How it WAS Curses and Blessings: 5. Questions about God

Saturday, August 19, 2006

5. Questions about God

Pre-religion: Source of a Million Questions

As the early years of childhood passed, I began to feel a bit unsettled about my perspective. Forgetting the interconnectedness of life began to seem like a prerequisite for growing up, and I wondered if I was doing something to prevent myself from forgetting.

“How can I forget what I know and remember?” I would ask what I now uneasily called, “God”.

Now there was a puzzle! Why was God so often portrayed as an old man, living in some unknown, apparently far-flung place called “heaven?” I was slightly perturbed when I was urged to say my prayers at night, for I wasn't sure how this “Heavenly Father God” figured into the picture. Was I supposed to believe that God was very much like an old human male? Did other people really believe that? (How could anyone possibly say that they believed that? I wondered.) Or was it a case of the Emperor’s New Clothes? Was it only that no one wanted to say otherwise? If that was the case, why was it the case? Was I supposed to be willing to say that I believed this? Would that not be a lie? How could a lie be right when it was about the very subject that recommends truth?

And where did my own perception of the universe fit in?

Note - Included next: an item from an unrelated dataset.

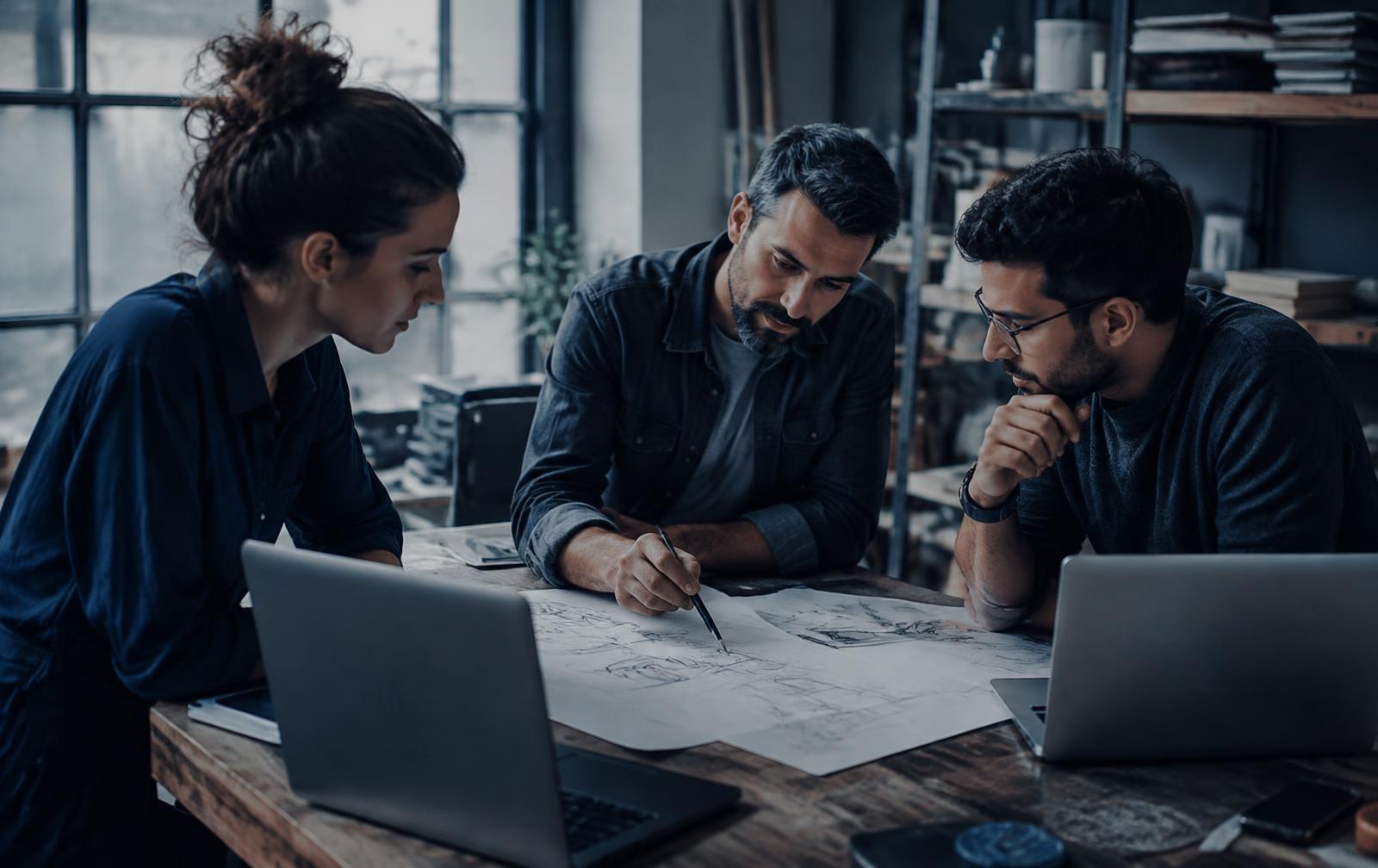 Three colleagues reviewing plans together at a work table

Was the God described in prayer verses and Bible stories, some kind of middleman? Why did I feel so certain that everyone was already familiar with, what I figured everyone meant by, “God”, including those who had never stepped into a church and had no knowledge of anything religious? While I tried to ask these questions of the adults around me, and they tried to answer, I knew that my questions, childishly phrased, were a black and white articulation of a whole rainbow of curiosity. I was just going to have to learn the language, keep my eyes open, and listen.

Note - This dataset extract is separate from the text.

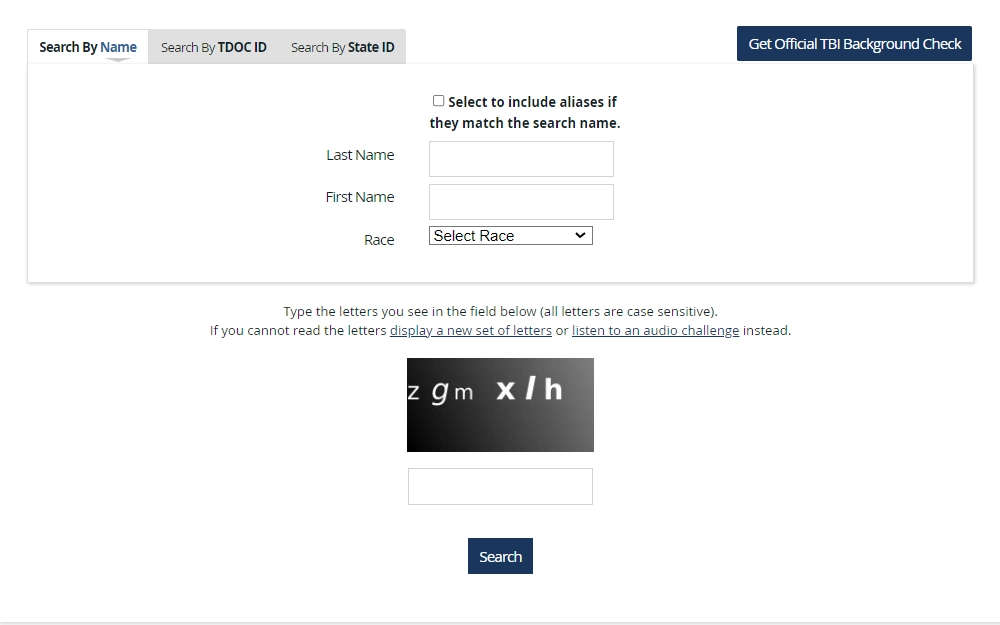 A screenshot of the Tennessee Department of Corrections offender search form with fields for name, TDOC ID, or State ID, including input boxes for first/last name, race, and a captcha verification system.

Before falling asleep one night, I was playing with such riddles, when a strong impression took form, a very firm idea that I would later return to this sensation of connection. That made no sense, for how was I to return to something that I did not know how to leave? “How can I remember later, if I don't forget now? What should I do to forget?” As I drifted off to sleep, the only answer that popped into my mind was, “Don't try to forget” which made no sense to me at all, until I began to have a recurring dream, or what I’ve also heard called a lucid night terror.